In the past 40+ years I have written approximately 3 million lines of code (assembler, FORTRAN, and C). I developed hundreds of computer programs, many of which are available for free at http://dudleybenton.altervista.org/index.html I have never sat through a single class in computer programming, nor do I have a degree in computer science. I got out of taking the required class by submitting the smallest program ever developed to solve the knight's tour (64 moves landing once on each location of a chess board). The entire self-contained executable file is only 1665 bytes and requires no DLLs. You can download it including source code (or the 3D version) from the preceding site. My degree is in engineering and I like to consider myself an applied mathematician. I've always made a living solving problems. Sometimes I write software to accomplish this. I rebuilt my first engine without adult supervision at age 11 and started out as a mechanic. Doing front end alignments is what convinced me to pursue college. The reason you're getting strange answers to questions about software development is like the old saying: Those who can, do. Those who can't, teach. Those who can't teach, teach teachers to teach.
In undergrad, I was a double major in Comp Sci and Biochem. I wrote code to help me to understand DNA and to recompile strands. I also worked some on a project that used software to help predict secondary structures of proteins.
I believe the reason this is a "dark" area is because most software engineers do not possess deep knowledge of scientific principles and theories, perhaps filling this gap will help.

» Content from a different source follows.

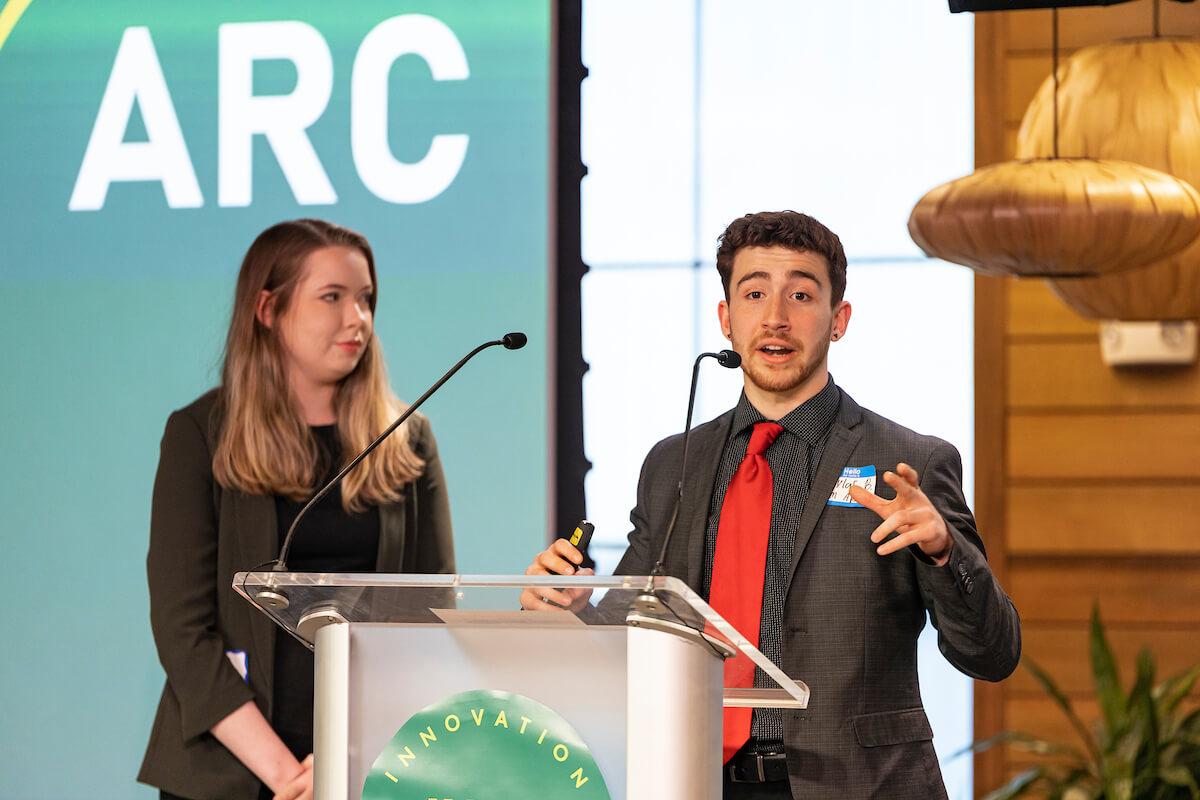 Students give a business presentation at a podium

The first big successful computer program I wrote that was used internationally modeled evaporative cooling towers. Before writing the program, I examined every part of several cooling towers, climbed a few of the really big ones, and talked to a number of people who designed and repaired them. Before modeling submerged multi-port diffusers, I spent weeks taking field measurements and talking to divers and technicians. Before modeling contaminant transport, I interviewed several outstanding geohydrologists and had them explain the processes in detail. Before modeling an MSR (specialized heat exchanger used in nuclear plants), I crawled inside one. It's not enough to know coding. You must also understand how the software must work. There is no substitute for hands-on experience. You can learn a lot from people who know nothing of computers, but have years of practice in the field.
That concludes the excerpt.